People ask me what my specialty in law is. My answer has always been, don’t have one, but if you have a question, I will try to concoct an answer. Not a bad credo, given the risks of overspecialization.
I will cull some of the best Richardisms here.
Epstein on the Norwegian education system.
I am not happy with it. Free means free to the student, at which point the cost falls on everyone else. There can also be too many students in university as well as too little. Indeed one of the problems now in the US is high default rates on subsidized student loans that lead students to make the wrong choices‚—and let everyone else pay for it.
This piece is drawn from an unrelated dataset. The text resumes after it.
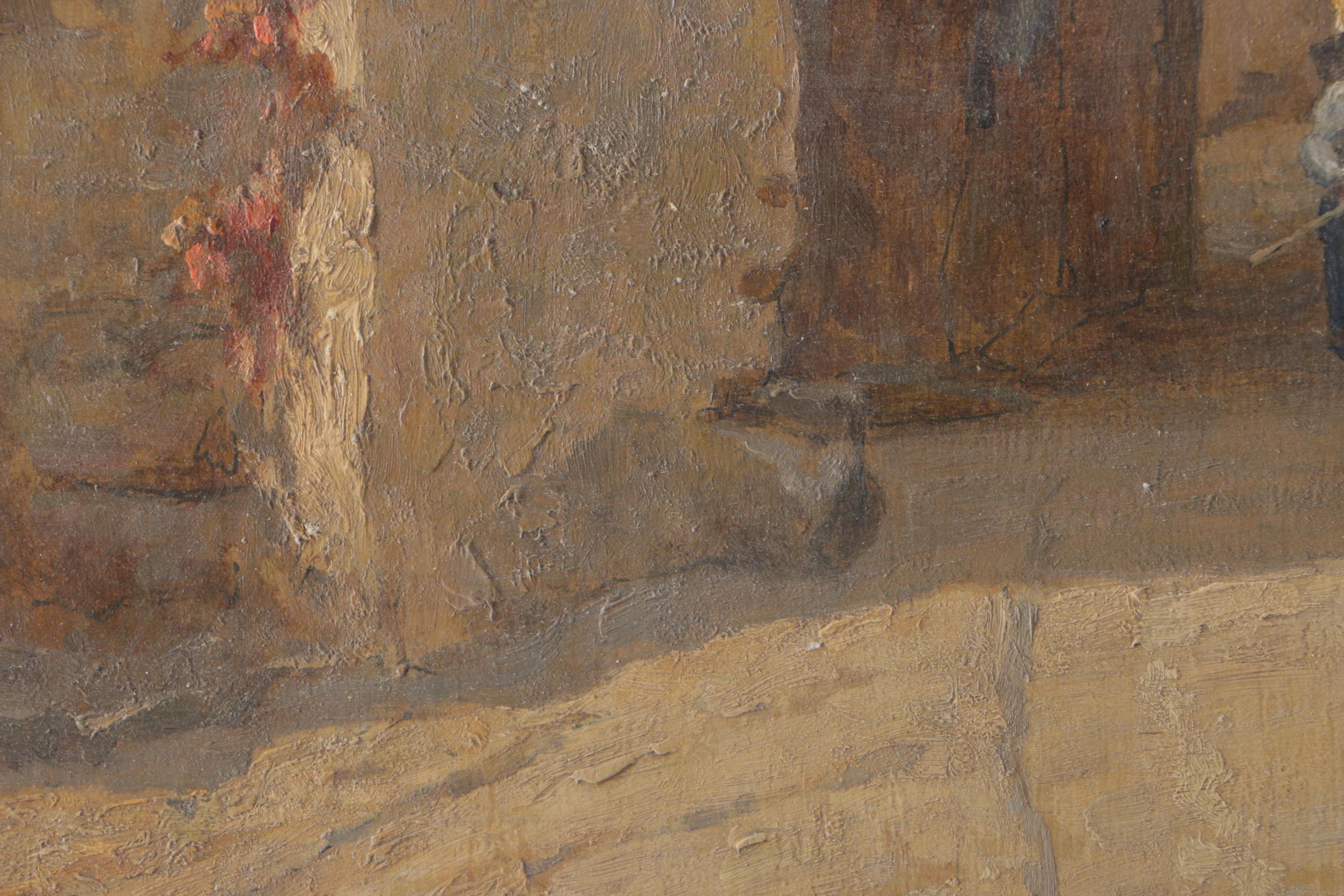 Stephan Simony  Oil Painting on Board  "City Gate of Budapest"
Which branch of government is too power?
All the branches have become too powerful, as it were, because there is too much government. But the real point is that the judiciary has often been too weak and mushy because it will not strike down the excesses of other branches of government. This is especially true with takings where land use control programs have thwarted sensible development at great human cost everywhere—only a modest overgeneralization. Remember that Kelo was a public outrage because the courts failed to intervene to protect her house on a site that is now a garbage dump,
On Property rights in cyberspace:
Yes, I think that most people who work in cyberspace are drawn to libertarian views because of the ability of networks to voluntarily organize with minimum of interaction. But there are no spacial externalities as with land, which requires some government regulation. That need not be zoning, but it surely encompasses some use of nuisance law and restrictive covenants, often as part of a planned unit development, which allows the full internalization of externalities.
On the Rule Against Perpetuities:
The first point is don’t learn it from Body Heat. Got it wrong.
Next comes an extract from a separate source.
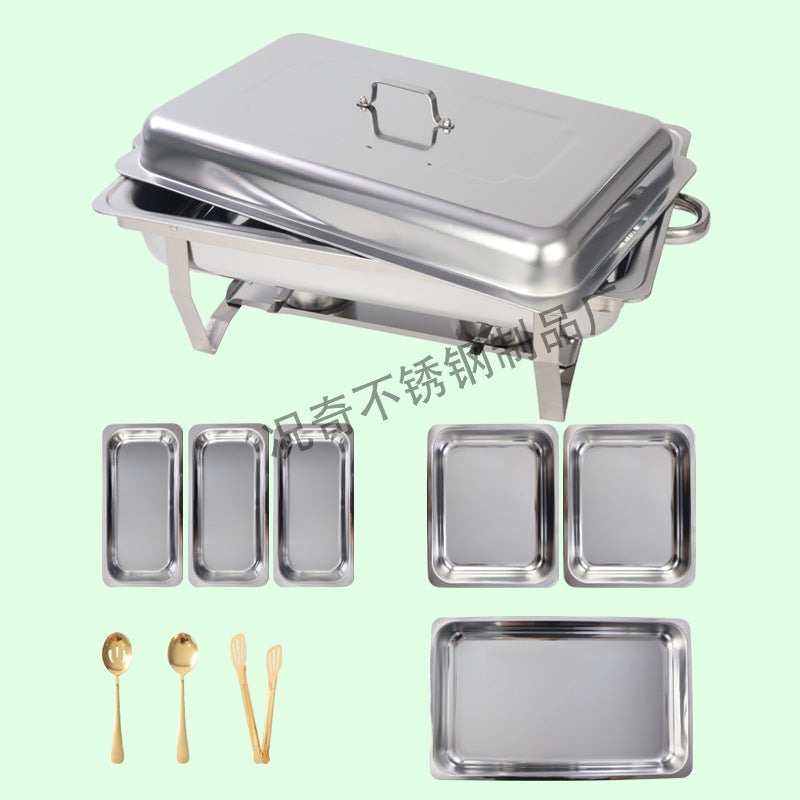 hot-selling stainless steel compartmented buffet stove commercial alcohol heated insulated food container restaurant hotel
The second is in practice, use a savings clause that stipulates the life in being. Legislatively, just get rid of it for assets behind trusts.
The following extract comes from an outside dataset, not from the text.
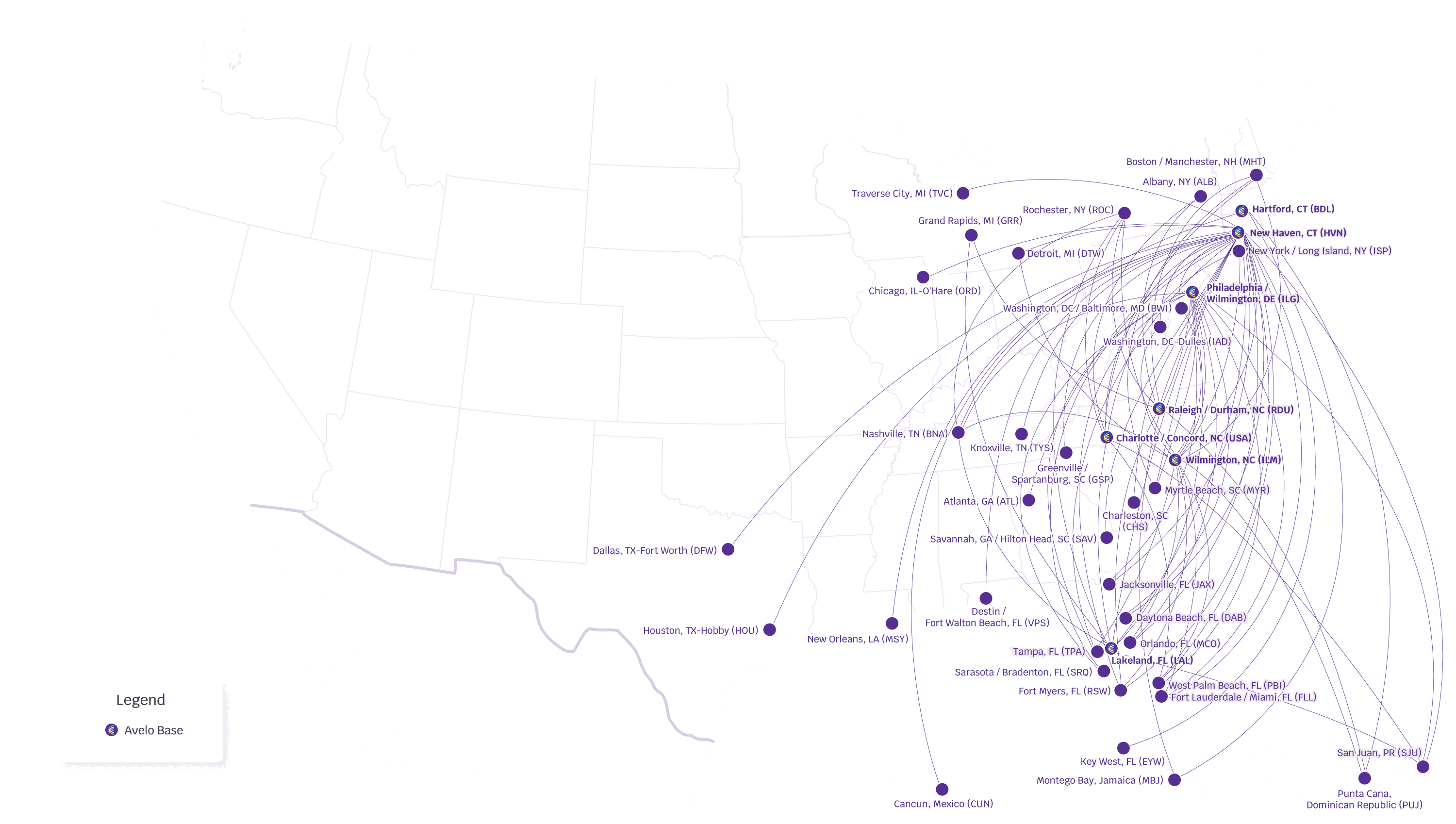 Avelo Route Map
Oh, and for the rest of you, a primer in future interests is well called for.
http://en.wikipedia.org/wiki/Rule_against_perpetuities
It was the first course I ever taught in 1968, courtesy of Ashbel Green Gulliver. It is rumored that Justice White got the only perfect score on Gulliver’s short answer test.
So there !!!
No joke, but when I was teaching RAP in class, a student actually cited Wikipedia to answer a question. Now, Richard has validated that answer.
Something about deontology:
A toughie My view is that the deontological explanations tend to fail because they cannot account for such common practices at Intellectual Property, taxation or eminent domain. The theory has no way to deal with forced exchanges, which is what taxation and eminent domain are about. The size of the state surely expands, but the credibility of the argument expands as well, at least if you can make good on the general empirical claim that positive sum games come out of voluntary exchanges but only if backed by a state infrastructure. My Takings book and my book Bargaining with the State try to show how this can be done. But the hard line libertarian thinks that there is always a voluntary solution to a collective holdout problem, and that is surely false empirically. As to the virtues of limited government, these were sealed in my mind in the summer of 1965, with a trip to Berlin when it was divided. As the fellow in East Germany said, Kapitalismus is gut wenn man gut on Kapitalismus isst. Capitalism is good when you eat well under capitalization. That does not require that all roads be privatized. It does mean that where possible we should meter for their use to control congestion. As to redistribution, my motto is redistribution last, on which hear http://www.youtube.com/user/TheFederalistSociety#p/a
Richard’s biggest mistake while teaching:
Too many to count. But the one on my first day is still the best. I started to teach future interests to 92 students at USC, and ten minutes in, one Marvin Garrett raises his hand and says “You don’t know us and we don’t know you, but I can say for every person in this class that no one has understood a word you have said.” Tough stuff. So I answered contritely, “Can you ask a question so that I can clarify.” His response wqs unforgiving. “To ask a good question, you have to know something, which we don’t. My advice to you is slow down and start over.” Out went the notes (which I never brought to class again. I started to look at students for signs of abject incomprehension. I am not perfect, as generations can testify, but at least I don’t use power point.
I’m pretty sure this is the Marvin Garrett that Epstein is referring to.
Is libertarianism bad for the environment?
No. This is a question that comes up all the time. the number of people who think that the belief in markets requires that you breath polluted air is all too large. The market argument is that between consensual parties the government should not regulate wages and terms. But externality control is an essential party of the overall libertarian theory, and that means control of nuisances. The issue is pretty clear, but in the last two weeks two distinguished professors from Texas and Harvard made the same mistake. It is a case where it is easier to mischaracterize a system than to understand it. Nuisance law has many distinctive remedial features and at times requires collective enforcement of the basic norm against invasion. But there is nothing about the theory which says that the way to make people happy and prosperous is to choke them.
Does Richard want to appear on Law & Order SVU?
Yes of course Do you have an agent? I could play myself, but would probably do that badly.